> _What is being asked_
Treat the line with "6pc Bedroom Set" as the starting point. Write it out and every line after it through the end of the listing below, exactly.

━━━ Extracted data ━━━

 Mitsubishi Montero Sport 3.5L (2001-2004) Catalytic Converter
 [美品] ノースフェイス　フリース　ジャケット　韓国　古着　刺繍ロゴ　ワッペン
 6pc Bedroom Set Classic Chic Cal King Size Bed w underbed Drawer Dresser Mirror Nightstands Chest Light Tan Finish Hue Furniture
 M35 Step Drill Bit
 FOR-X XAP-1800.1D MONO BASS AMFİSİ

━━━

> _Response below_
 6pc Bedroom Set Classic Chic Cal King Size Bed w underbed Drawer Dresser Mirror Nightstands Chest Light Tan Finish Hue Furniture
 M35 Step Drill Bit
 FOR-X XAP-1800.1D MONO BASS AMFİSİ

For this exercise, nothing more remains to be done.